Leader and Followers

The Leader and Followers pattern (also known as Master-Slave or Primary-Replica) is the primary method for maintaining consistency and scaling read throughput in distributed systems. It simplifies the coordination of concurrent updates by designating a single authoritative node—the Leader—to manage all writes to the system state.

1. Role Definitions

The Leader

Authoritative Writes: Accepts all client write requests and determines the order of execution.
Replication Coordination: Serializes updates into a Write-Ahead Log (WAL) and propagates them to all followers.
State Management: Tracks the health and replication progress of every follower in the cluster.

The Followers

Passive Updates: Receive replication logs from the leader and apply them to their local state in the same order.
Read Scaling: Serve client read requests to offload work from the leader.
Failover Readiness: Remain in a consistent state, ready to be elected as the new leader if the current leader fails.

2. Replication Strategies

The mode of replication determines the balance between Consistency and Latency.

Mode	Protocol	Advantage	Disadvantage
Synchronous	Leader waits for all followers to confirm write.	Strong consistency; no data loss.	Extremely high latency; one slow node blocks the cluster.
Asynchronous	Leader acknowledges client immediately after local log.	Lowest latency; high write throughput.	Risk of data loss if leader fails before logs propagate.
Semi-Synchronous (Quorum)	Leader waits for a Majority of followers.	Optimal balance of safety and performance.	Requires odd number of nodes; complex election logic.

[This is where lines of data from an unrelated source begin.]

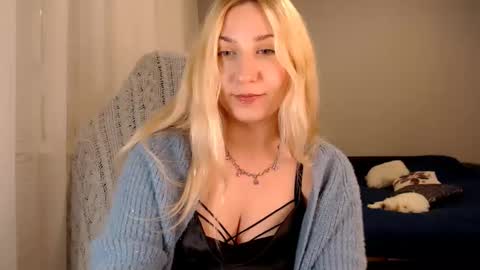 Amelia online show from 09-17-25, 05:47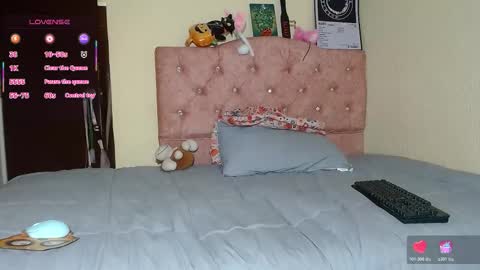 Soffy Moore online show from 11/06/25, 03:40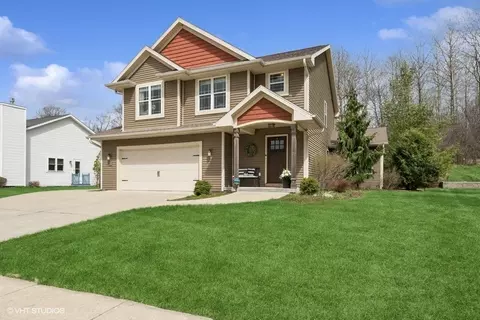 683 N Joshua Ln, Lake Geneva, WI 53147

3. Handling Replication Lag

In distributed systems, followers often lag behind the leader due to network congestion or high load. This creates several "stale read" problems that must be addressed via consistency patterns:

Read-Your-Writes Consistency: Ensures that if a user updates a record, their subsequent read (even from a follower) will show that update. Implementation often involves tracking a version number or timestamp on the client.
Monotonic Reads: Ensures that if a user sees a specific state, they will never see an "older" state on a subsequent request (preventing "time travel" bugs).
Fencing: Using Generation Clocks to ensure that stale messages from an old leader are ignored by followers after a failover.

4. Leader Election

A critical requirement of this pattern is a robust mechanism for picking a new leader when the current one fails. This is typically achieved through:

Consensus Algorithms: Using Raft or Paxos to reach agreement on the new leader ID.
Heartbeats and Leases: Nodes use Heartbeats to detect leader failure and Leases to prevent multiple nodes from claiming leadership simultaneously.

5. Real-World Usage

Relational Databases: PostgreSQL and MySQL use this for high-availability clusters.
Message Brokers: Apache Kafka uses it for partition leadership.
Container Orchestrators: Kubernetes uses a leader for the control plane (via etcd).